Dear car vendors,
As it happens I am reading more often about cars that can be controlled by API’s. First I thought that’s cool. And actually, it is cool! Being able to build, or at least, use an app that enables me to select a welcome song that my car plays when I open the door or that unlocks the doors because I am getting close to the car sounds like a lot of fun.
Unfortunately I am reading even more often that these API’s are not secure! That almost anybody, not only myself, can control my car via those API’s. That those API's even return required credentials if they were missing in a request.
That is not acceptable!
I am not sure if you, car vendors, use that technology yourself in your private life. Or if you are too afraid to do so. I am! And that is why I like my very basic Hyundai Elantra so much: no API’s == secure! (what a depressing statement! But it seems to be correct for many connected cars).

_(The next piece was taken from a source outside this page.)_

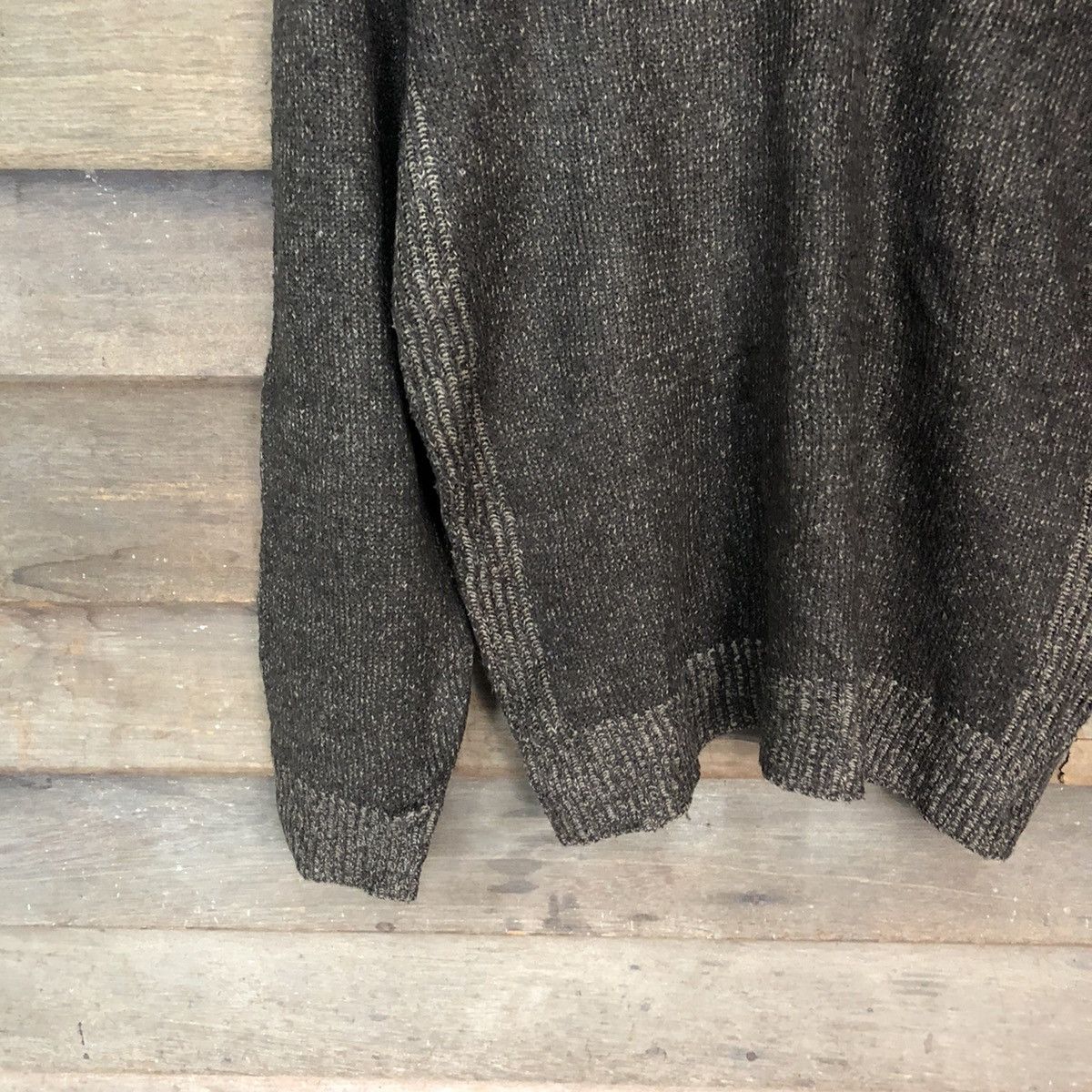 Homespun Knitwear × Japanese Brand × Vintage Ivan Hoe Dark Brown Knitwear sweatshirt #5533 Size L / US 10 / IT 46 - 4 Thumbnail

The latest news I read was about Nissan LEAF:
As a software architect, who is building secure API’s on top of reliable products (Features | CA Mobile App Services ), it is difficult to understand why this happens again and again. Why are API’s in cars often insecure? Why is there no awareness that insecure API’s are bad?
These are my theories:
- car vendors are no software engineers and therefore they do not understand the technology
- car vendors believe that keeping an API definition secret makes it secure
- car vendors are too proud to ask experts on API design for help
- car vendors believe that only their app can send a request to the car’s API
- car vendors categorize API's as cost center but not as profit center and therefore invest as little as possible
- car vendors try to be early adopters of technologies although they do not know what they are doing
This is what I think you should do, dear car vendors:
- hire experienced software engineers
- add a piece of hardware to your cars, a HSM (https://en.wikipedia.org/wiki/Hardware_security_module)
- add a policy based API gateway to your cars. Even if it is just ‘simple’
- do not mix API’s for reading data and controlling the car
Once you have all of that in place use well known technologies such as OAuth, OpenID Connect, JSON Web Token and PKI to build API’s.
You will suddenly have API’s that are secure, well documented, you can provide open source SDK’s and build a developers community around them. You will be cool and hip!
And the best of it all:
No news about insecure API’s! Because there are none!